Commercializing open source and the cloud threat

A look at the recent changes in Elastic’s licensing model as well as Confluent’s changes. Also covers developer incentives and long term success of open source projects

Hi All,

I hope you all are doing well and welcome (if you aren’t new then again) to Dozen Worthy Reads. A newsletter where I talk about the most interesting things about tech that I read the past couple of weeks or write about tech happenings. You can sign up here or just read on …

Elastic not too long ago changed its licensing for Elasticsearch and Kibana, two widely used open-source projects in enterprise tech (part of their ELK stack).

I’m going to explore, in this article, what these changes mean and why they did this. These products were originally available under the Apache 2.0 License but now require an SSPL (Server Side Public License).

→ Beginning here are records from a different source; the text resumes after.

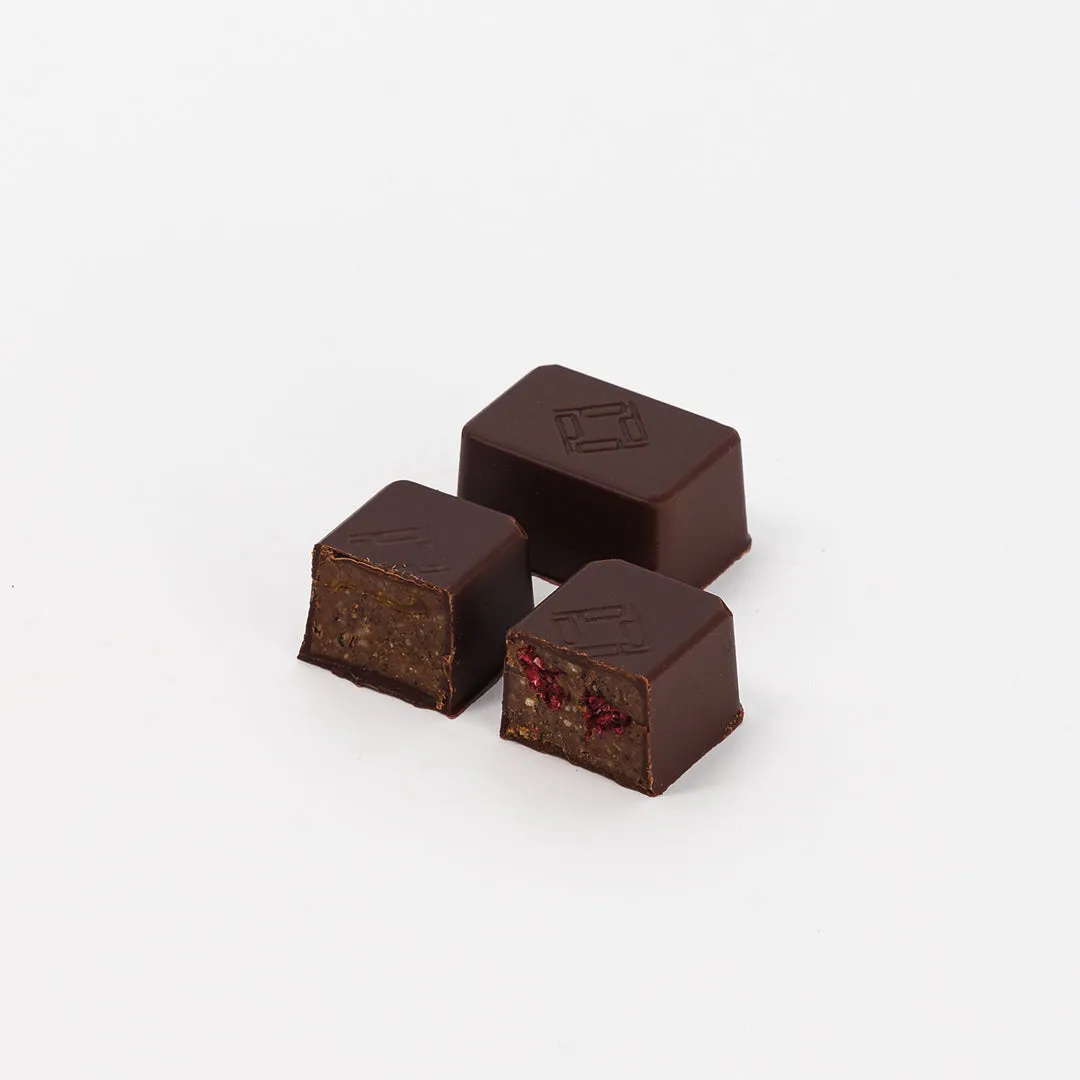 Plaq Bonbons Fruits Thé pralinés amandes coffret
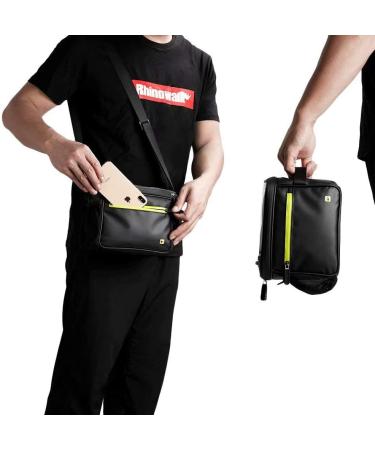Rhinowalk Waterproof Bicycle Handlebar Pocket Bag - Matte Green | Front Wheel Camera & Cell Phone Holder with Transparent Window - Buy Online on SooperMarket.com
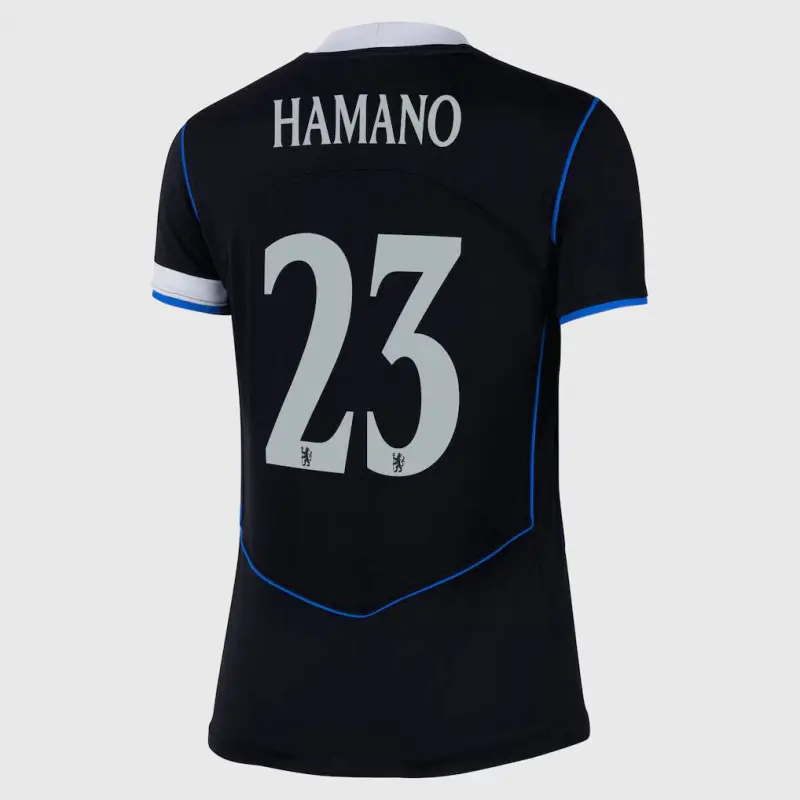 Chelsea chelsea cup nike drittes stadiontrikot 2025-26 – damen mit hamano 23-aufdruck Trikot - Exklusive Chelsea Fußballbekleidung Chelsea chelsea cup nike drittes stadiontrikot 2025-26 – damen mit hamano 23-aufdruck Trikot - Exklusive Chelsea Fußballbekleidung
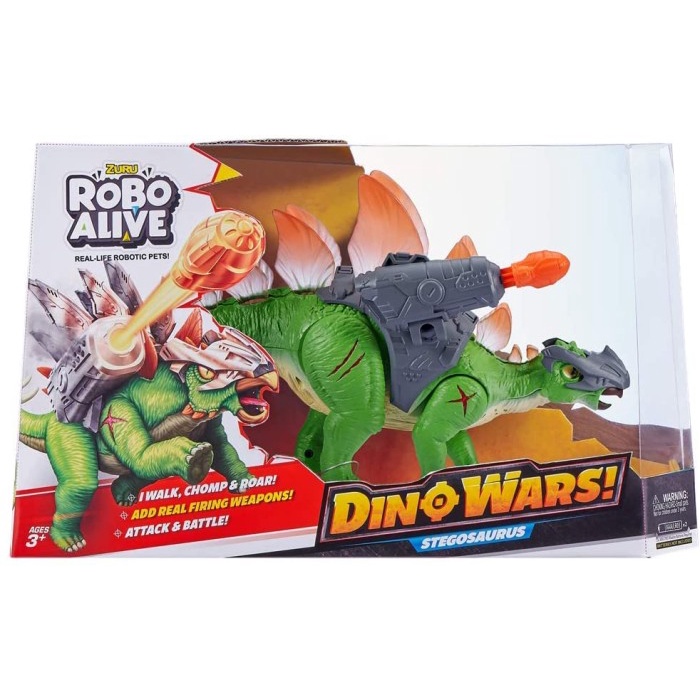 ✅New Ori Zuru Robo Alive Dino Wars Stegosaurus Original Zuru Limited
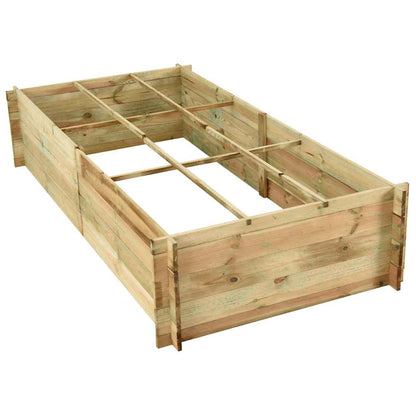 Jardinera Para Verduras Madera Pino Impregnada 197x100x40cm_3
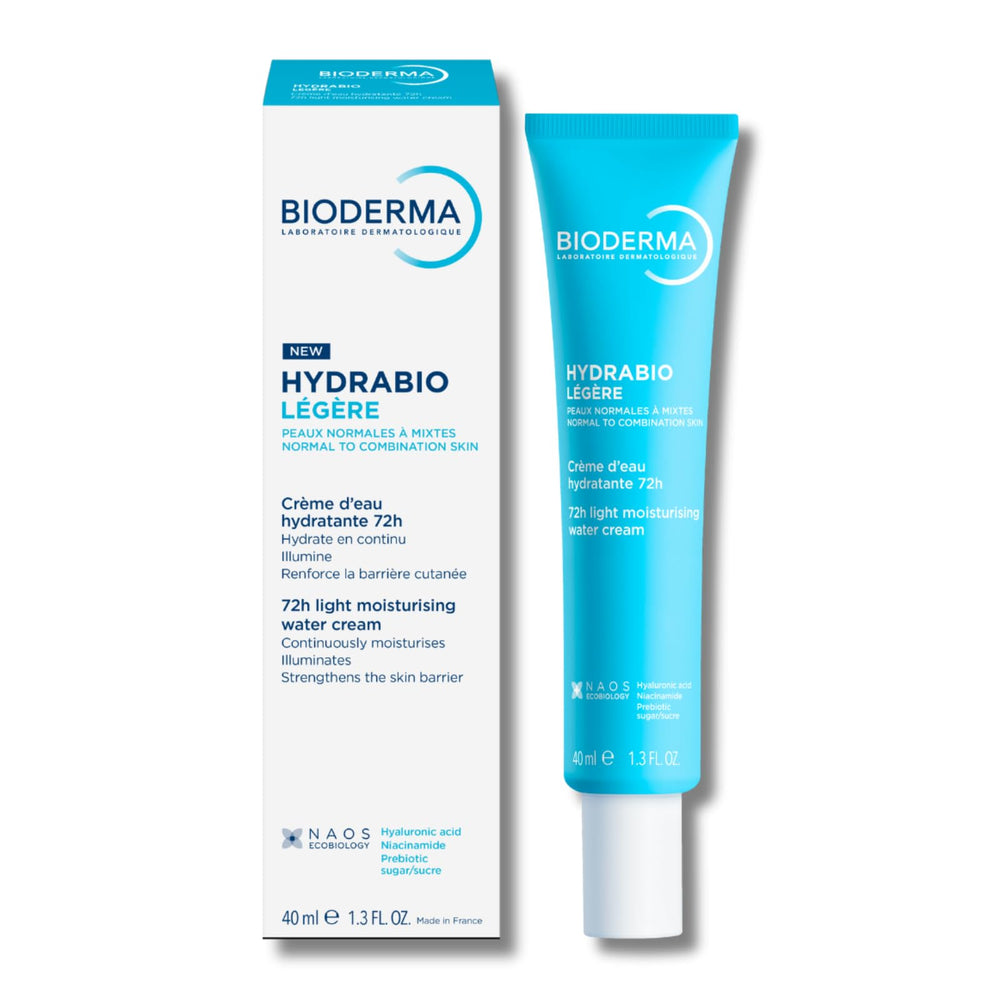 Moisture balance image with a dewy finish using Hydrabio Gel-Cream.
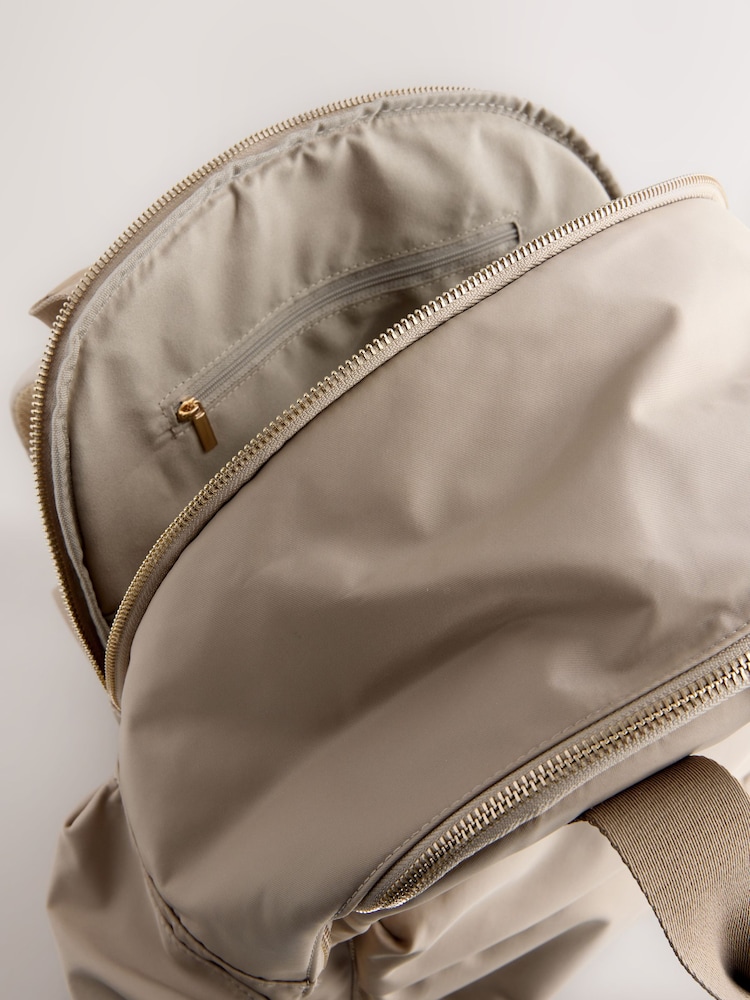 Mink Brown Travel Backpack - Image 9 of 9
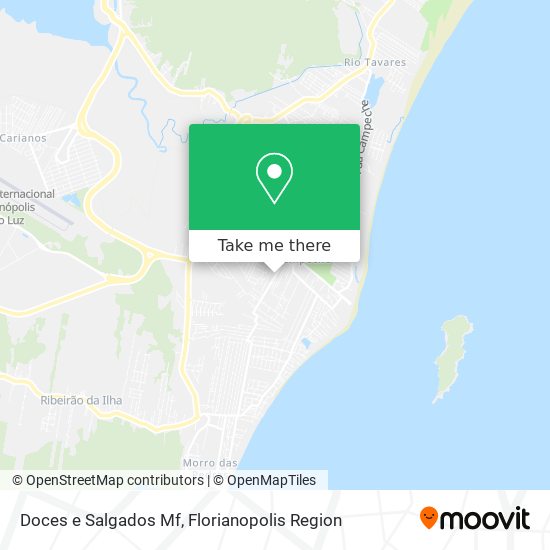 Doces e Salgados Mf map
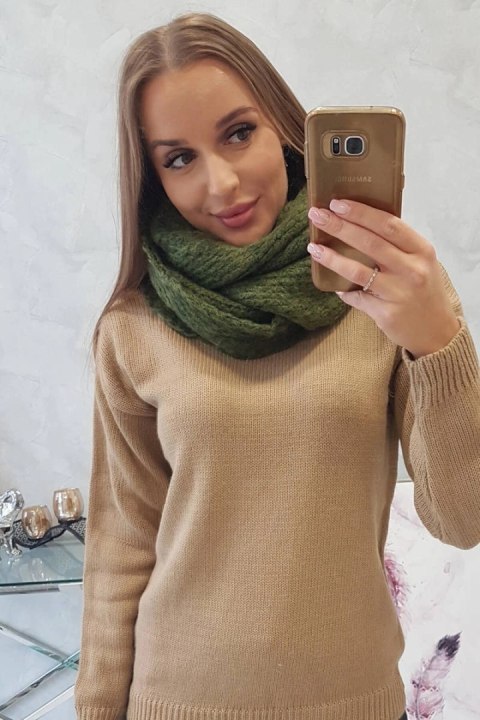 KN17 Komin damski khaki uniwersalny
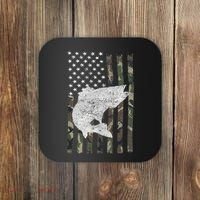 Camouflage Flag Walleye Fishing Angler Coaster thumb 0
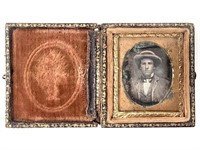 Mini Daguerreotype Portrait of Man in Case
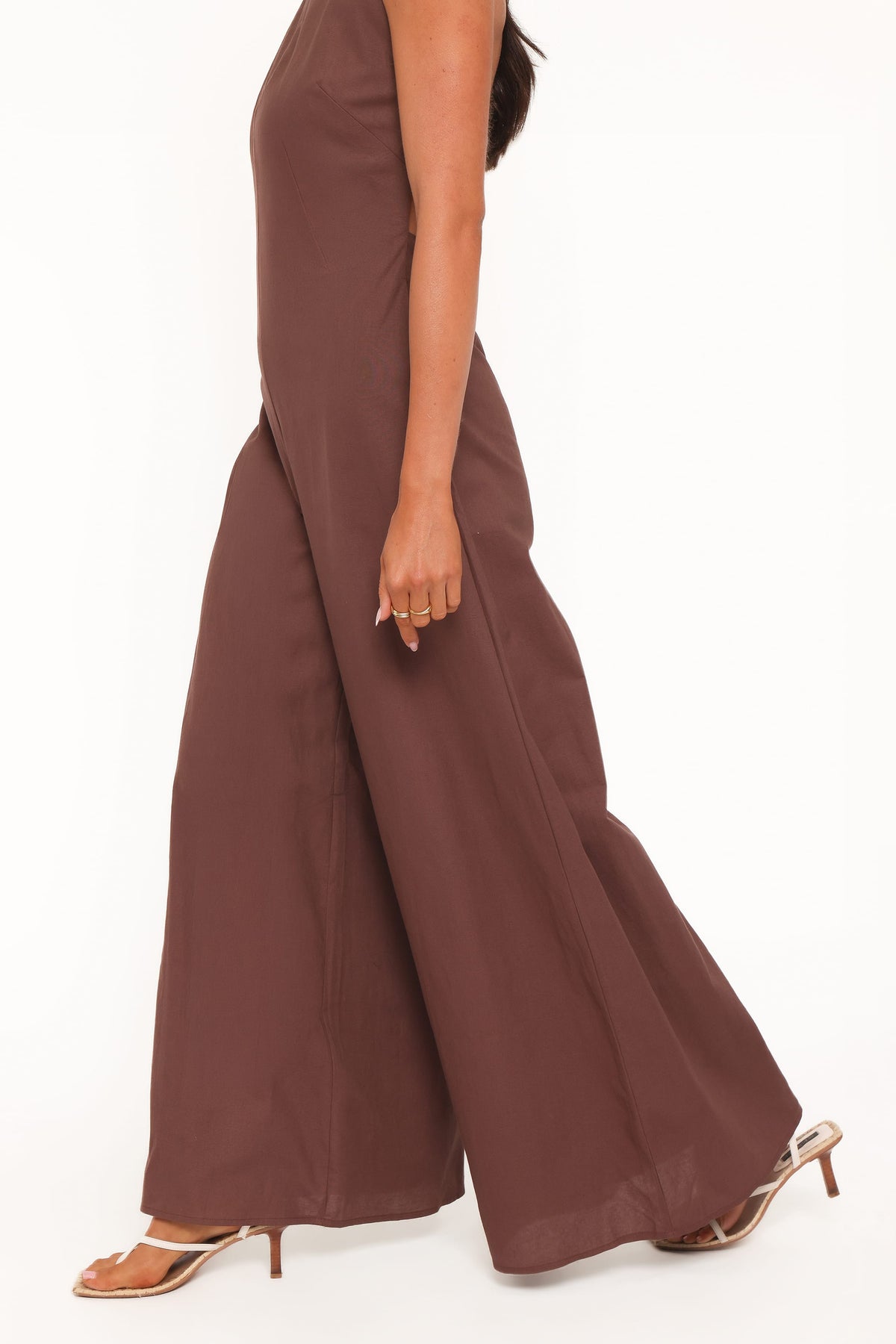 Ophilia Open Back Jumpsuit in Dark Brown – view 6 of 8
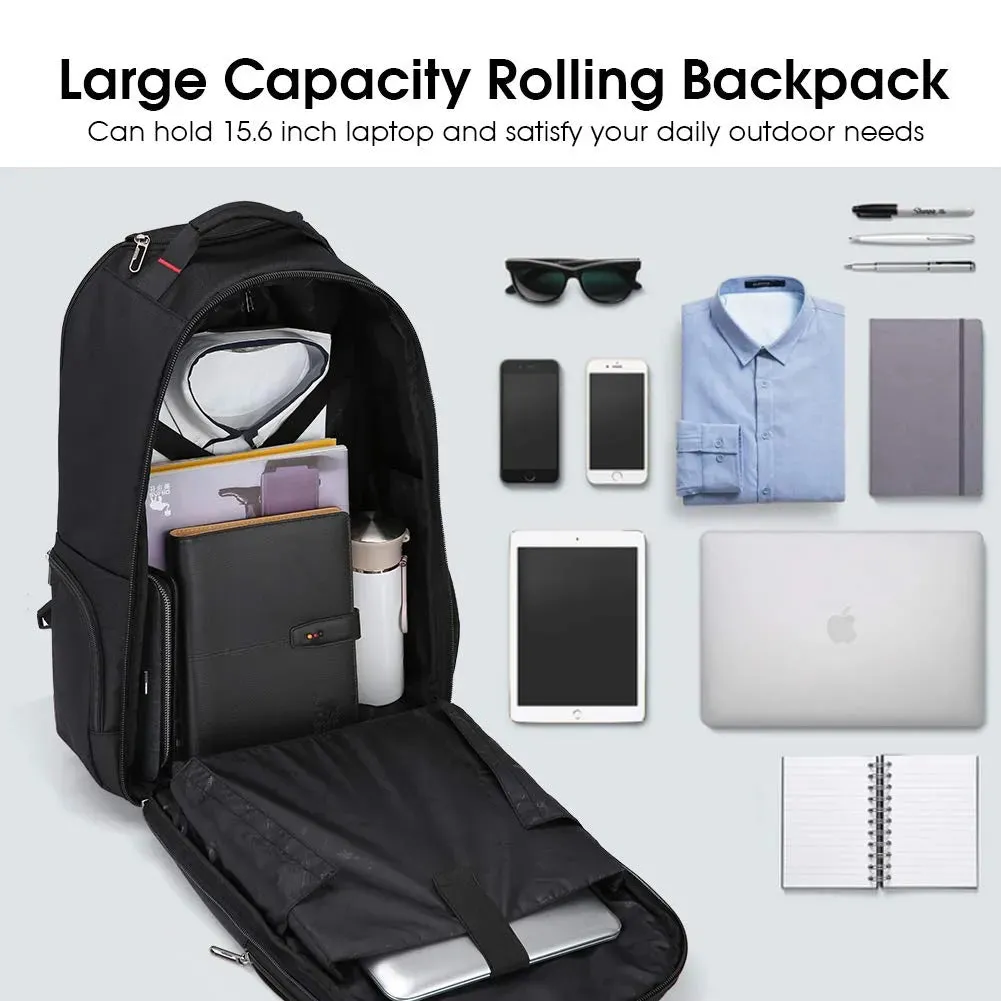 OIWAS travel bag with wheels | 15.6 inch laptop bag | 55x40x20 hand luggage backpack |backpack trolley simple hand luggage for business travel and vacation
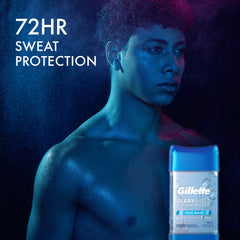 Gillette Advanced Clear Gel Cool Wave bottle top for easy quick application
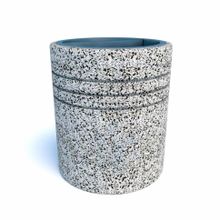 Урна бетонная Гамбург (Мрамор шахматка)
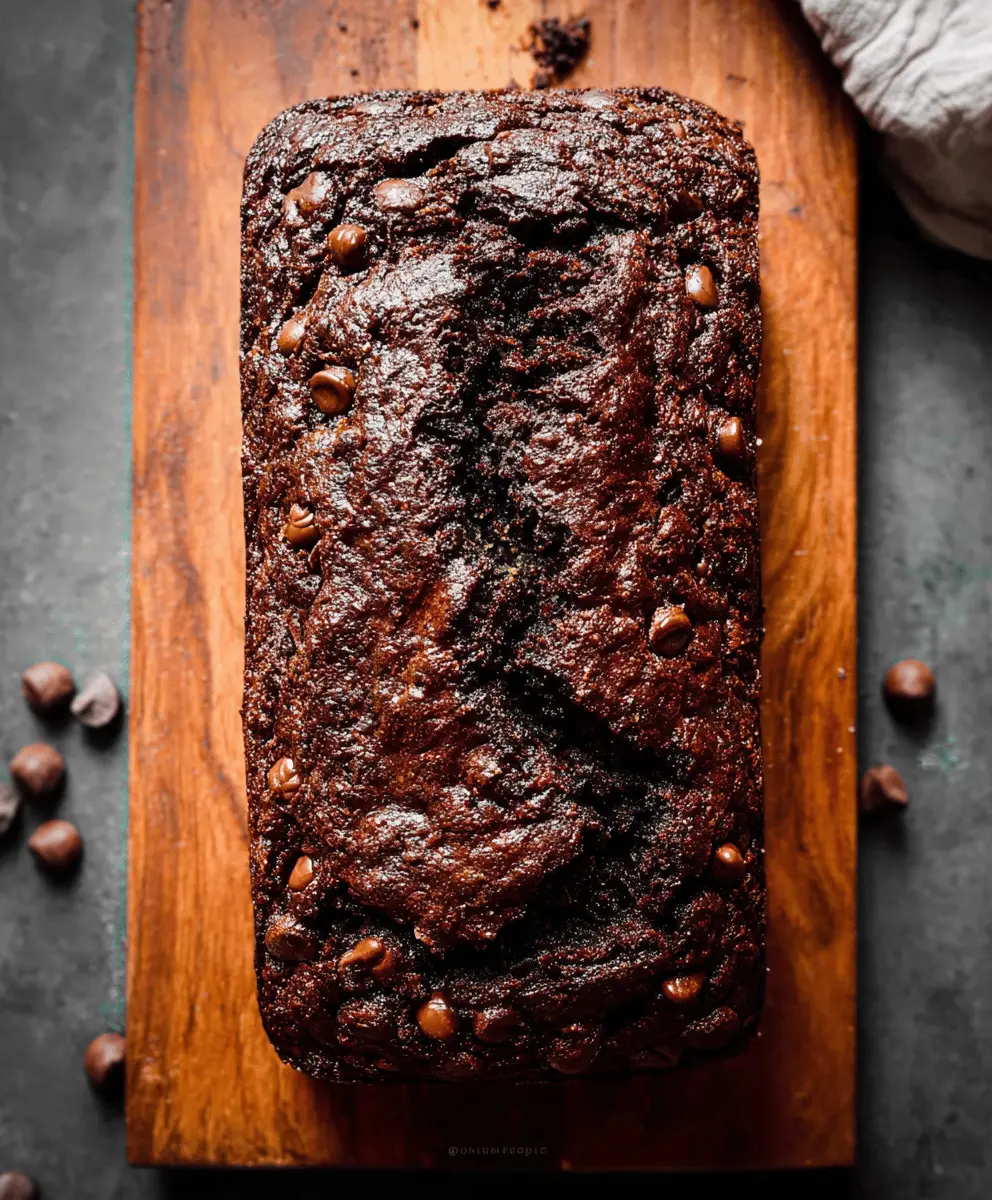 Moist Chocolate Zucchini Bread Recipe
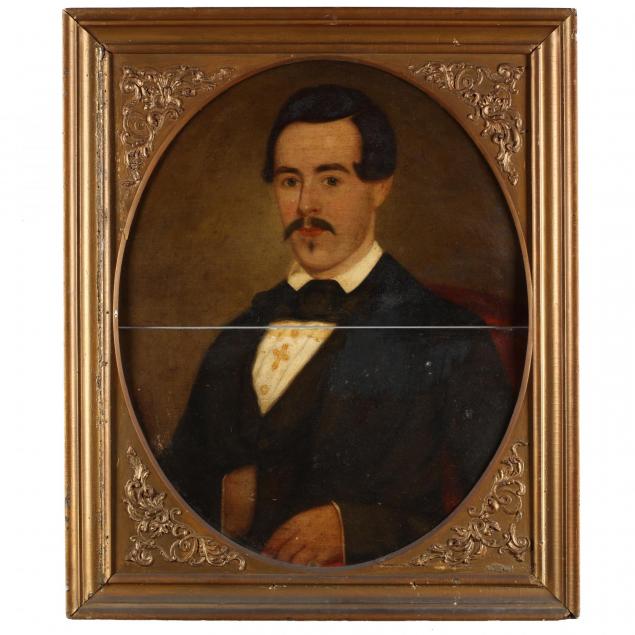 antique-american-school-portrait-of-a-man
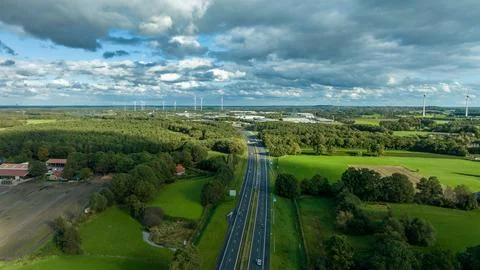 Highway to Germany Stock Photos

The key reason for this change is just primarily so that BigCloud (AWS, Azure, Google Cloud) should not just just take these open source products and make them available as a cloud “service”.

Like so many of you I find the dynamics of open source fascinating and thought it would be good to take a small step back and understand the inception of Open Source to understand how we reached this point and why companies such as Elastic and Confluent (Kafka has an Apache license as well as confluent community license for exactly the same reason — prevent bigCloud from taking advantage of their hard work).

But I digress so let’s get back into the inception of Open Source :

Open source is basically a branch of the free-software movement which began in the 80’s with the GNU (GNU’s not Unix) project. The term free software does not imply freedom of software exchange and modification. Both the free-software movement and the open-source movement share this view of free exchange of code and they are both collectively referred to as “Free and Open Software”or “Free/Libre Open-Source” (FOSS or FLOSS as you may have read)

Today we don’t appreciate how important open source is but take for example Linux which is open source and has a large community of contributors that made the operating system what it is today. Its most illustrious and famous contributor is Linus Torvalds (who is known for his insults at members of the community). In a lot of ways Linux was the poster child for successful open source projects (and back in the day people thought this was crazy but look how far we have come).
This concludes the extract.